Sementara masih ada 13 provinsi di Indonesia Timur, seperti Papua, Maluku, dan Sulawesi, yang hampir tidak ada fixed broadband atau internet. Keterjangkauan dan ketersediaan infrastruktur digital menjadi tantangan Indonesia di era digital supaya berbagai kesempatan ekonomi yang ditawarkan di fitur digital tidak hanya terbatas pada Jawa Sumatera Bali saja.

Apa yang perlu dilakukan pemerintah agar infrastruktur digital siap, terutama tentang pemerataan akses internet?

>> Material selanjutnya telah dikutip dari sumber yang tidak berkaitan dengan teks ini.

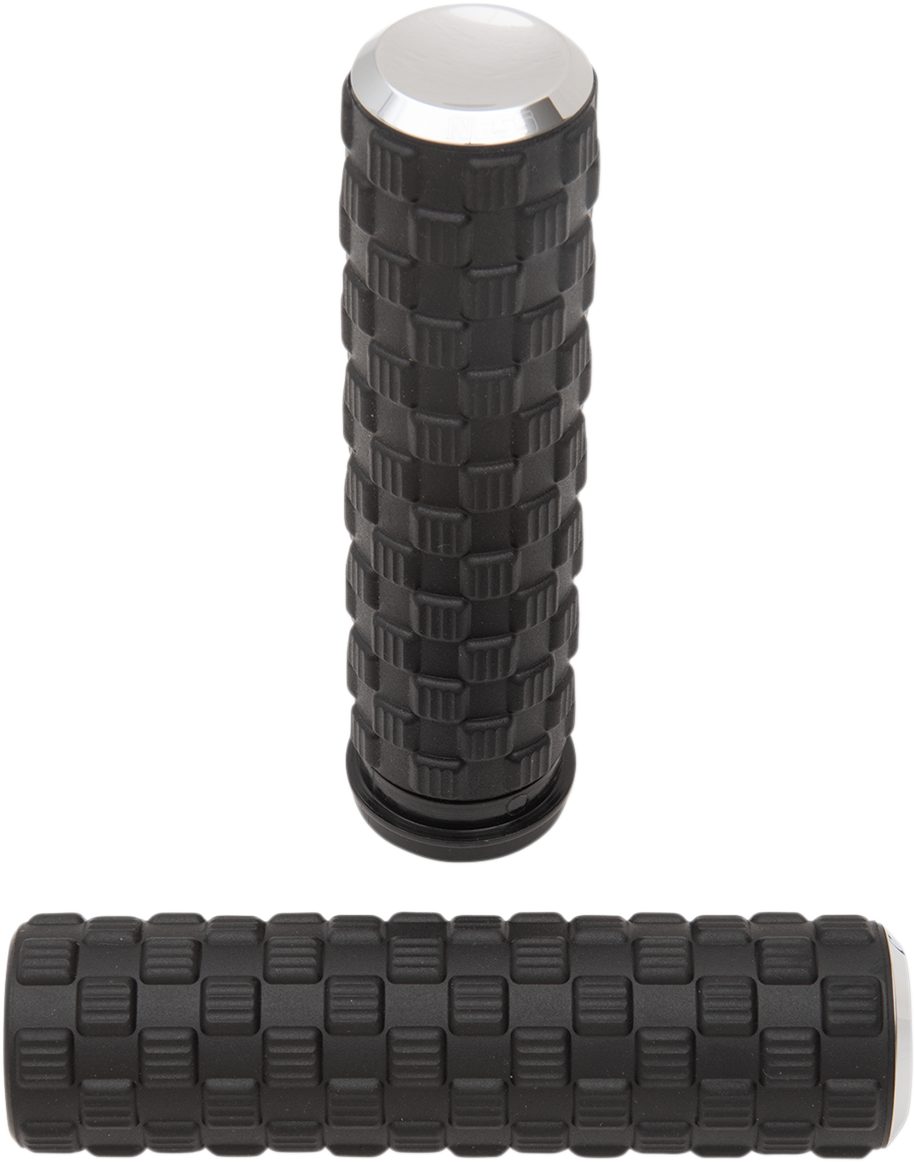 Puños ARLEN NESS - Air Trax - TBW - Cromados 07-353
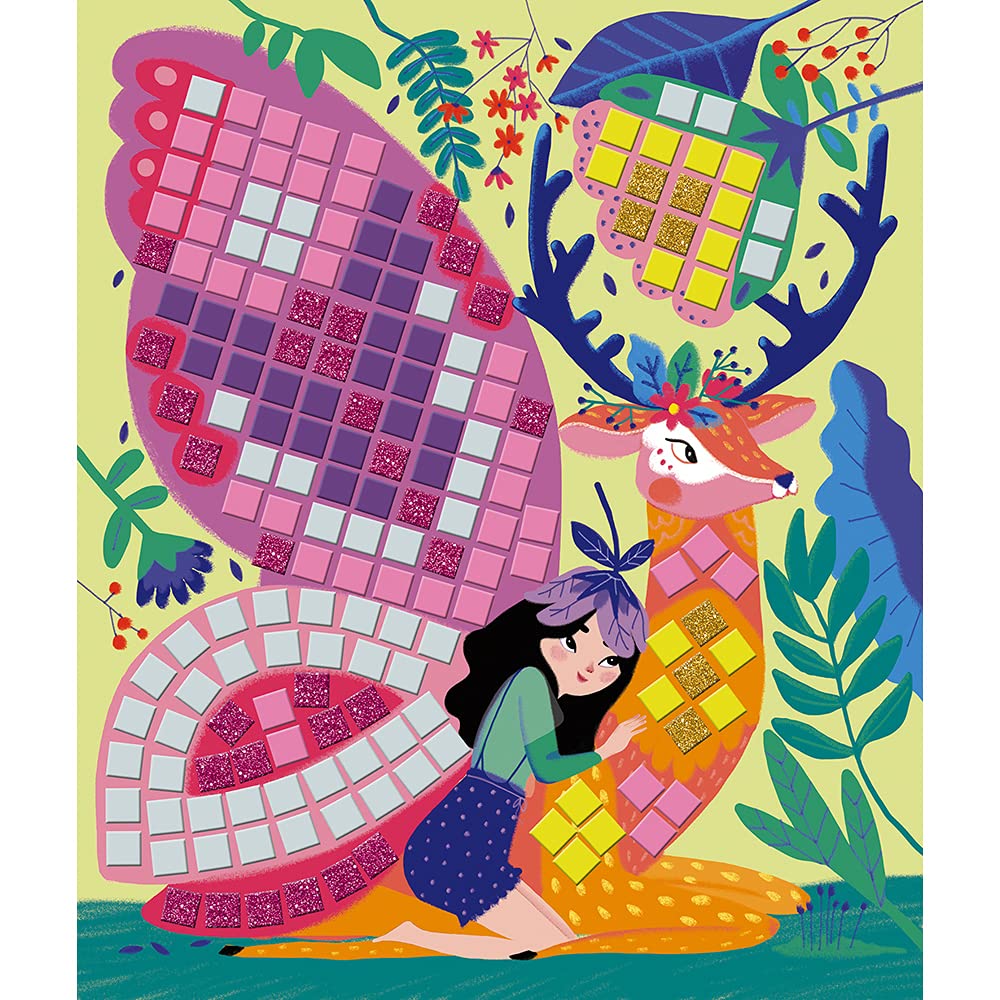 janod-les-ateliers-du-calme-feen-mosaik-schaumstoff-mosaikbox-ab-5-jahre image 7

[WANSUS] Ekonomi Digital dan Setumpuk Persoalannya bagi KonsumenIlustrasi seseorang akses internet. (Pixabay.com/fancycrave1)

Sebelumnya, Kominfo melalui BAKTI telah meluncurkan berbagai program akselerasi infrastruktur terutama di daerah 3T. Namun, ini saja tidak cukup. Berbicara digital infrastruktur itu luas, tidak hanya sebagai kabel tower, tapi juga kabel jaringan bawah laut, pemasangan fiber optic, dan sebagainya.

Peraturan dan kebijakan industri serta insentif yang tidak jelas, hambatan di level lokal seperti intervensi pemerintah daerah dan kepentingan sektoral, serta vandalisme cenderung menghalangi sektor swasta untuk berinvestasi. Perlu lebih klarifikasi peraturan yang lebih coherent dan intervensi pemerintah pusat yang berbasis solusi dalam hal ini.